While my Lutheran proclivities find much here to commend, perhaps they are also why I have some concerns about Zahl’s framing of theological anthropology. To be blunt, I am not sure that what he presents is actually a low anthropology. I can think of anthropologies that are far lower, particularly the variety that emphasize the total depravity of the human subject, which is not what Zahl promotes.

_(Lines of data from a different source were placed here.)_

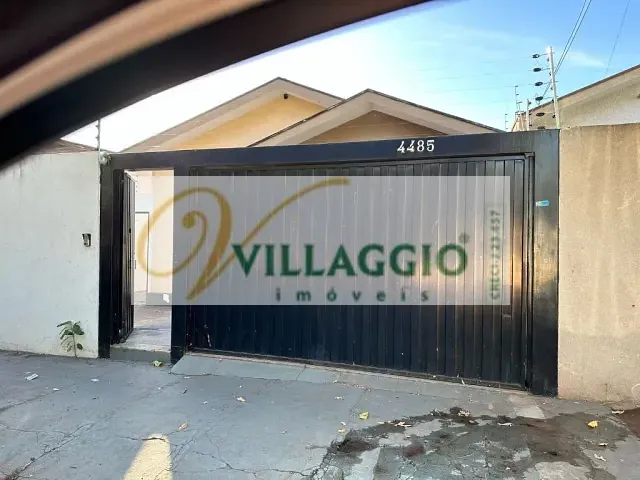 Casa com 300m² 4 quartos e 2 banheiros, à venda, no bairro Jardim Fuscaldo em São José do Rio Preto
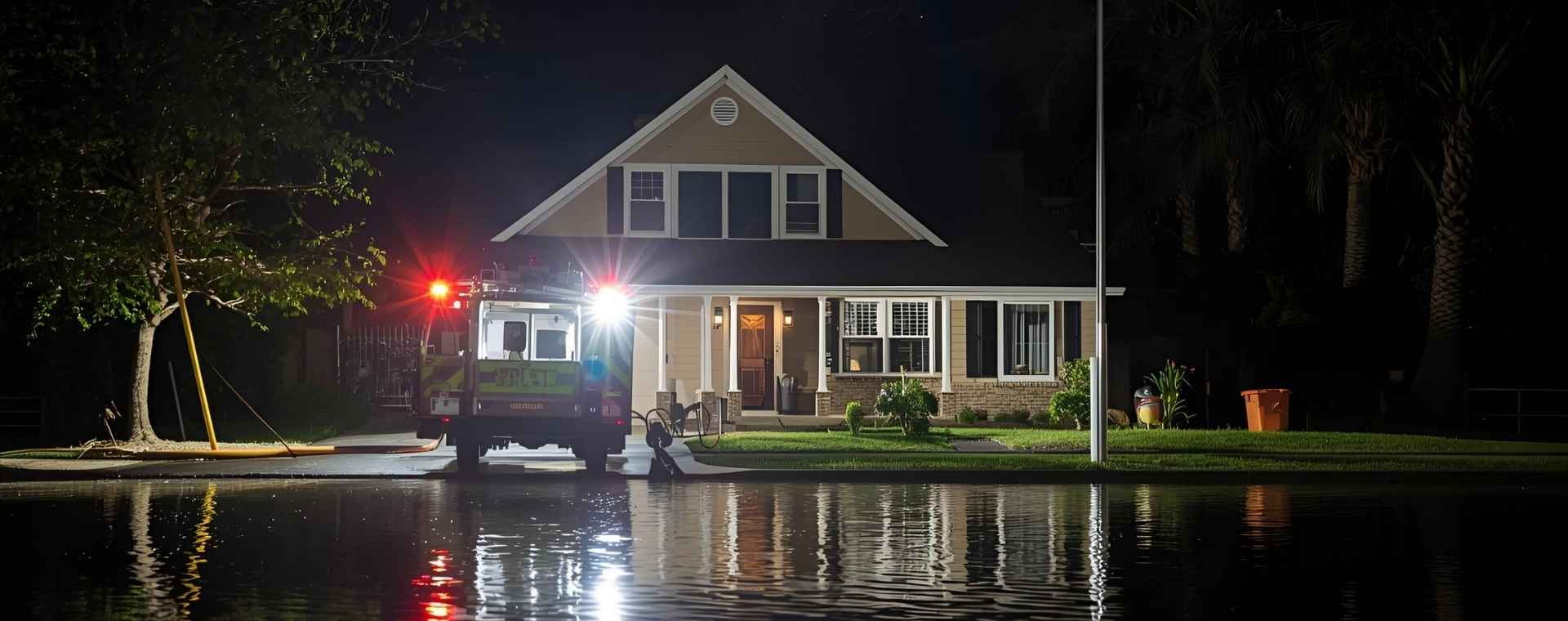 Emergency Response Cleanup Near Me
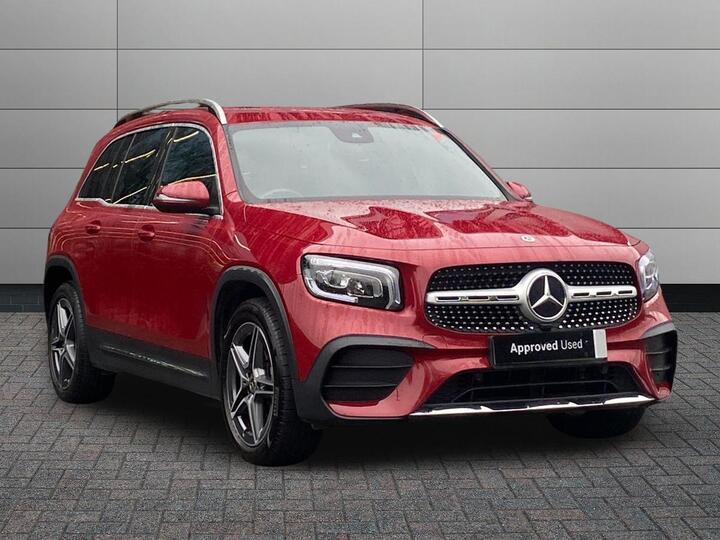 Mercedes-Benz GLB 1.3 GLB200 AMG Line 7G-DCT Euro 6 (s/s) 5dr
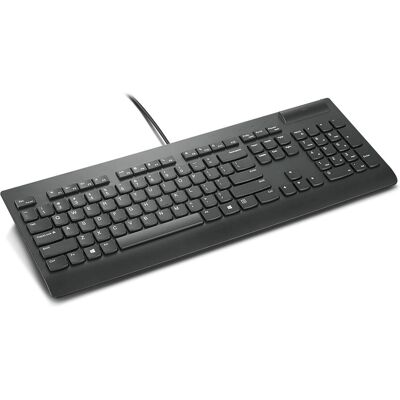 Lenovo 4Y41B69380 Teclado - QWERTY Español Negro Lenovo 4Y41B69380 Teclado - QWERTY Español Negro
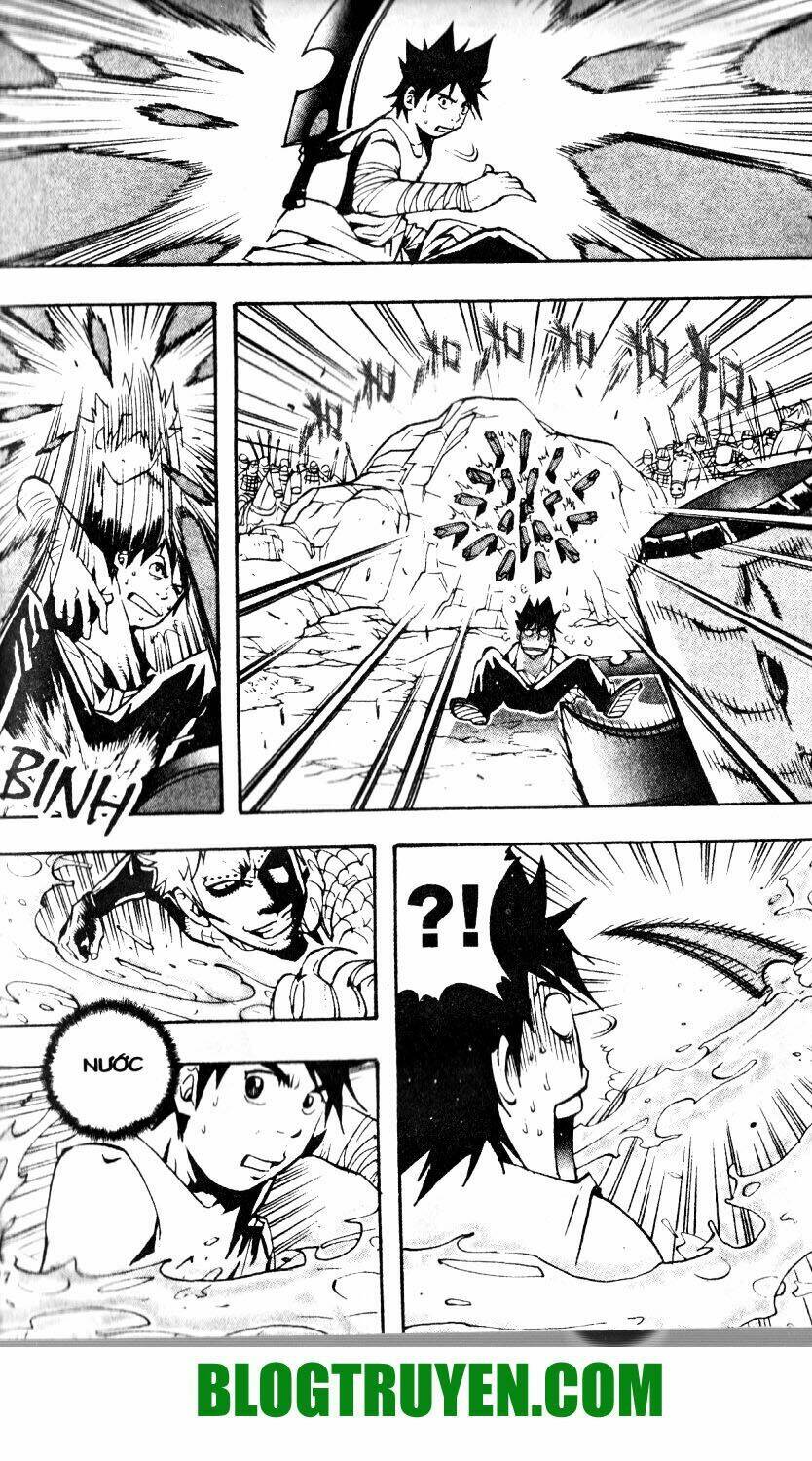 Thần Khí Vương Chapter 7 - Trang 4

More than anything, Zahl’s anthropology strikes me as a realistic one. He is realistic about the limitation, doubleness, and self-centeredness that characterize human life, yet he is also realistic about the flourishing that can come through acceptance of this reality (on the part of both oneself and others). By calling this a low anthropology, I worry that he diminishes our responsibility to address human limitation, doubleness, and self-centeredness. Instead of responsibility, we are left with resignation. In turn, we may never experience the saintly dimension of human life that Luther also talked about.
To be clear, I do not think that Zahl is trying to let people off the hook, and I materially agree with his analysis of human limitation, doubleness, and self-centeredness. I do wonder, though, if Zahl’s project would be better served if it were reframed as realistic anthropology. No doubt we are fragile beings whose lives are marked by brokenness from beginning to end, yet there is a deep beauty both within and apart from this brokenness. At every moment, our lives are an intermingling of beauty and brokenness; you might say that beauty and brokenness are two sides of the same human coin. Might a realistic anthropology that holds together both beauty and brokenness better serve the goal of human flourishing? Such a tension might prompt moral reflection upon the responsibility that humans carry to bring this beauty to bear upon the brokenness of the world.
Still, there is much honest, redemptive truth contained within these pages, and I can enthusiastically recommend this book as a springboard for personal and communal reflection.